Published: 25th January 2020
Thousands of miles apart, Indian students in China and parents back home share the same worry
After the coronavirus outbreak in China, we caught up with a few Indian students and their families in India
When the cost of medical education skyrocketed in India, countries like China and Phillipines were safe havens for parents of medical aspirants. S Nageswaran admits to us that that was precisely the reason why his son Naveen Prasath too chose to study medicine from the University of South China in Hunan, a province close to Wuhan.
Wuhan, where the deadly coronavirus outbreak is believed to have happened is under a complete lockdown. "We last saw Naveen three months ago, when he left home to China. His NEET score wasn't good enough to get enrolled in a good medical college in India. So, we chose to send him to China, where the cost of education is around 35 per cent of what it is in India," says Nageswaran, who is a paramedic in a hospital in Kancheepuram. "His holidays are going on now, but he chose to spend them in China. But that was when we heard of the virus outbreak," he says.
The virus infection is believed to have killed around 41 people in China. Around 1246 have been affected until now. "We are all really scared," says Nageswaran. "We call Naveen quite often, asking him not to step out or eat anything from outside. We are praying constantly," he says.
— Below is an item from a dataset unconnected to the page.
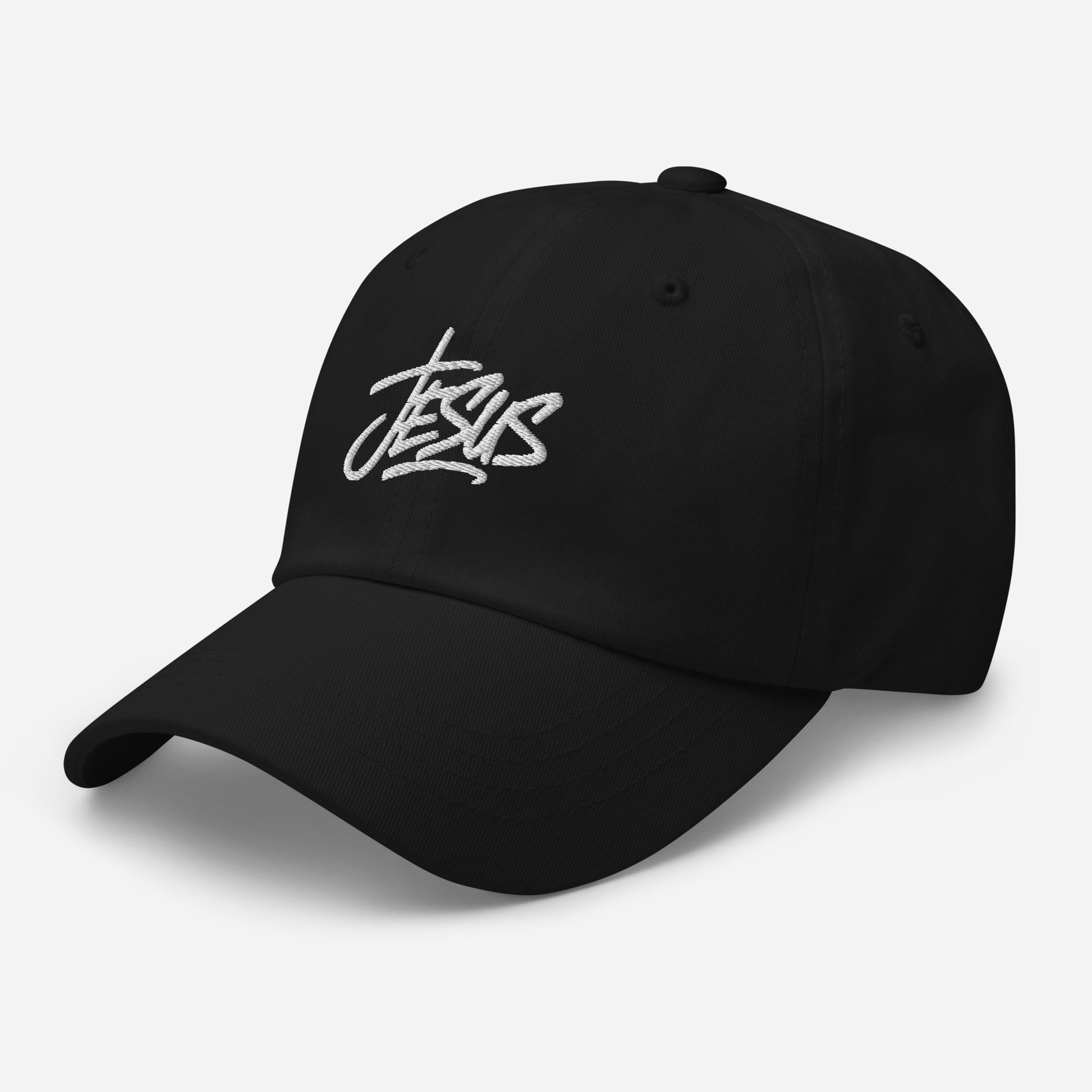 Jesus Christian cap front closeup — faith gift for dad or pastor | The Faith World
Fear and confusion are the two emotions that this father and his 18-year-old son share right now. Sitting in his hostel room, thousands of miles away from his hometown Kancheepuram, Naveen messages us on Facebook. "There is no transport available here. One cannot even go to the airport, a hospital or even to the grocery store," he says. "We do not even know what information to believe. A lot of rumours are going around," he says.
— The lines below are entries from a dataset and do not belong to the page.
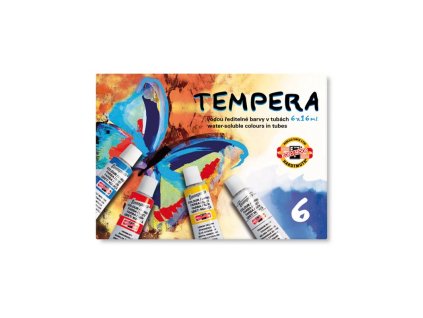 Temperová barva sada 6 barev, Koh-i-noor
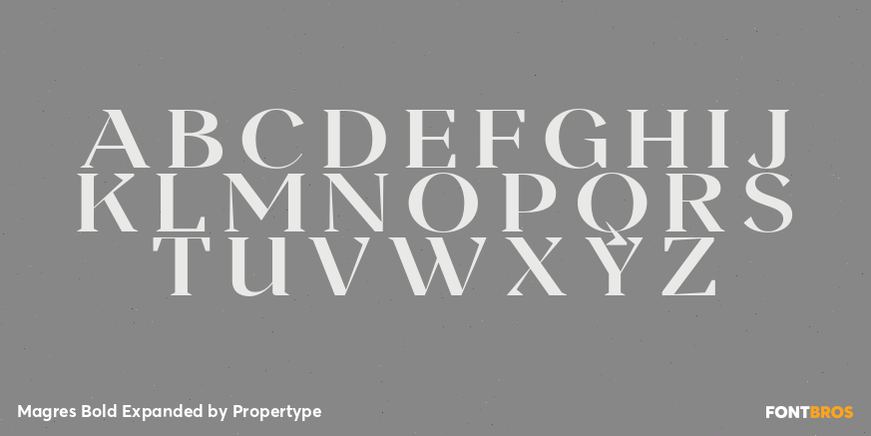 Magres Bold Expanded Font Poster #2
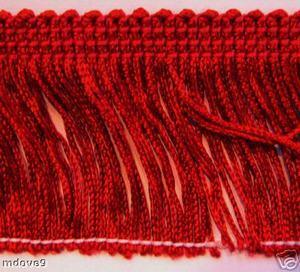 9 Yds Cayenne Red Cut Fringe 536 Wrights 2  Online Hot Sale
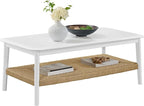 Alaterre Furniture Calais 48 Inch Rectangular Wood Coffee Table by AlaterreFurniture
The Chinese celebrate their New Year on Saturday. Owing to this, most shops in Hunan are closed, tells Naveen. "Food is the key problem here. We don't have enough groceries stocked. We'll be in trouble once we're out of supplies. A few shops are open, but no one is brave enough to go to the market," he says.
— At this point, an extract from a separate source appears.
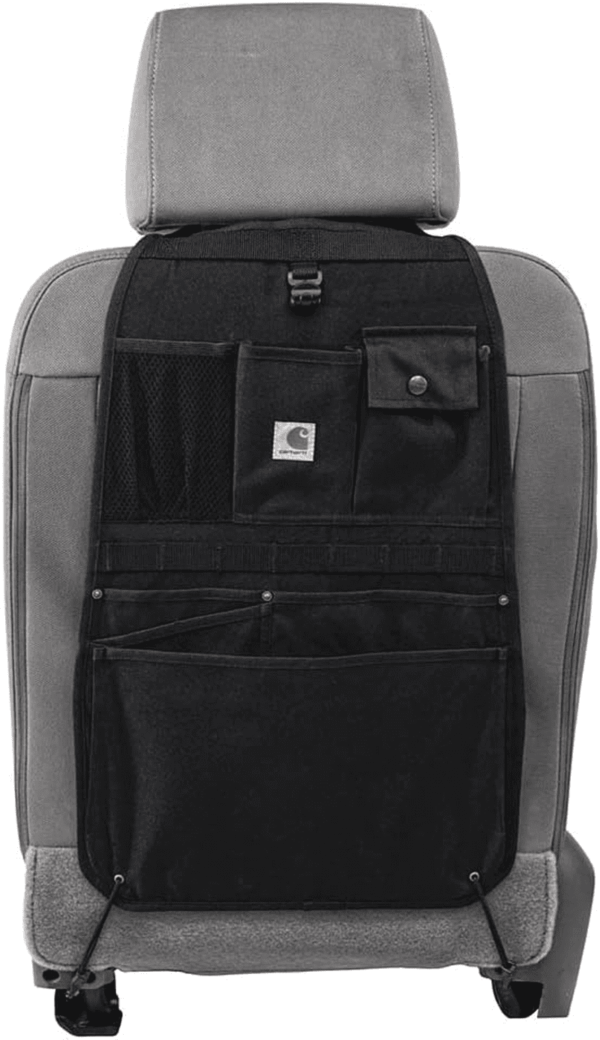 Universal Nylon Duck Seat Back Organizer, Black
We also got in touch with a few other Indian students in Wuhan, over the messaging platform WeChat. Pramod Kalambate, a researcher at Huazhong University of Science and Technology also shares a similar worry. "I've been sitting inside my house for the past few days, fearing the virus. It is scary to think that all this is happening right outside where we are. There is no public transport available," he says. Pramod too doesn't know for how long will he be able to survive. "Food is the major issue here. All restaurants, canteens and shops are closed. This is the New Year's time and all shop owners have gone home," he says.